Machine Learning to Build Artificial Proteins

Protein is essential for the life of a cell and performs complex tasks and promotes chemical reactions. Scientists and engineers have long tried to take advantage of this power by designing artificial proteins that can perform new tasks such as disease treatment, carbon capture or harvesting energy, but many of the processes designed to produce these proteins are slow, complex, and have high failure rates.

In a breakthrough that could have implications across the healthcare, agriculture, and energy sectors, a team lead by researchers in the Pritzker School of Molecular Engineering (PME) at the University of Chicago has developed an artificial intelligence-led process that uses big data to design new proteins.
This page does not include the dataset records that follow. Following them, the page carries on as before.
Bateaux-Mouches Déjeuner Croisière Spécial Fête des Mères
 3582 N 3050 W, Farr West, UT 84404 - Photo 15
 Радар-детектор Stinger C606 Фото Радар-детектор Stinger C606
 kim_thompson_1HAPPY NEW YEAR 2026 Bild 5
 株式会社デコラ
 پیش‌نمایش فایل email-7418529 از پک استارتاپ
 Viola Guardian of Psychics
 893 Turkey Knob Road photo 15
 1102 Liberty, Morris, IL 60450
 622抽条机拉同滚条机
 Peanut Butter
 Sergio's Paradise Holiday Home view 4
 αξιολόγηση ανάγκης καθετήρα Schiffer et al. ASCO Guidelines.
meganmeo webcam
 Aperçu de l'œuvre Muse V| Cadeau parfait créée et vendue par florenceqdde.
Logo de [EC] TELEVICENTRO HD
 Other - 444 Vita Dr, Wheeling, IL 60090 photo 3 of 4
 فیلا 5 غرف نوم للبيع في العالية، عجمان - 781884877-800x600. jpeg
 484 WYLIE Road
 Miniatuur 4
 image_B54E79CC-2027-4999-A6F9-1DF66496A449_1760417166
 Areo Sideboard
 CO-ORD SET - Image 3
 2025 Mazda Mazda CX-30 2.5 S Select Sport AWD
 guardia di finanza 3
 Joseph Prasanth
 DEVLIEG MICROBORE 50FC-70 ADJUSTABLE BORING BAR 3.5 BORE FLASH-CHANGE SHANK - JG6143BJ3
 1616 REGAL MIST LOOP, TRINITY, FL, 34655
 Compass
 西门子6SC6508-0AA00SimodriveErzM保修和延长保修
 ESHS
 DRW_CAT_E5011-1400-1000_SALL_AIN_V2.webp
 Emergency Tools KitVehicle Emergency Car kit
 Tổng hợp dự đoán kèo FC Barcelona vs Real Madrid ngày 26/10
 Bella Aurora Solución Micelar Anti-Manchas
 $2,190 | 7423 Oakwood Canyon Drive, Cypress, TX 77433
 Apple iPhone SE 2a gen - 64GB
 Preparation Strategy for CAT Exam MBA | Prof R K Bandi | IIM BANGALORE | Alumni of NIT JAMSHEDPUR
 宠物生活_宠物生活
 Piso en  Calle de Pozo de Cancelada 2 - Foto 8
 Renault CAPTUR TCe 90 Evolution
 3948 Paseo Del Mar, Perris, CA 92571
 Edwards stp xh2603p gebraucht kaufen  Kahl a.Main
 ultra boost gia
The researchers found fairly simple design rules for the creation of artificial proteins with the help of a machine learning model that can evaluate protein information collected from a genomic database. When the research team made this artificial protein in the lab, they found it way similar to the naturally occurring

“We have all wondered how a simple process like evolution can lead to such a high-performance material as a protein,” said Rama Ranganathan, professor of biochemistry and molecular biology at University of Chicago. “We found that genome data contains enormous amounts of information about the basic rules of protein structure and function, and now we’ve been able to bottle nature’s rules to create proteins ourselves.”

AI: the next thrust towards learning protein design

Proteins comprises thousands of amino acids, and their very sequences define the protein’s structure and function. Although decoding how to develop these sequences so as to create novel proteins has always been a challenge.

Despite the fact that the previous theories and research have discovered the methods to specify protein structure, their functioning has still remained obscure.

What Ranganathan and his team recognized since the past 15 years is that the exponentially growing genome databases comprise huge amounts of information. This ranges from the the basic principles of protein structure to the standards of their functions. The team developed statistical models based on this data and then started using machine-learning methods to reveal new information about proteins’ basic design rules.

A PLATFORM TO DECODE OTHER COMPLEX SYSTEMS

Not just limited to the above mentioned applications, this platform is proposed to clarify the complexities of several systems ranging from deep neural networks to the physics behind the lipid structures. This system can provide a robust platform for coherently engineering protein molecules through an approach which otherwise has just been in thesis. It can further guide to discover solutions for issues of carbon capture and even energy harvesting.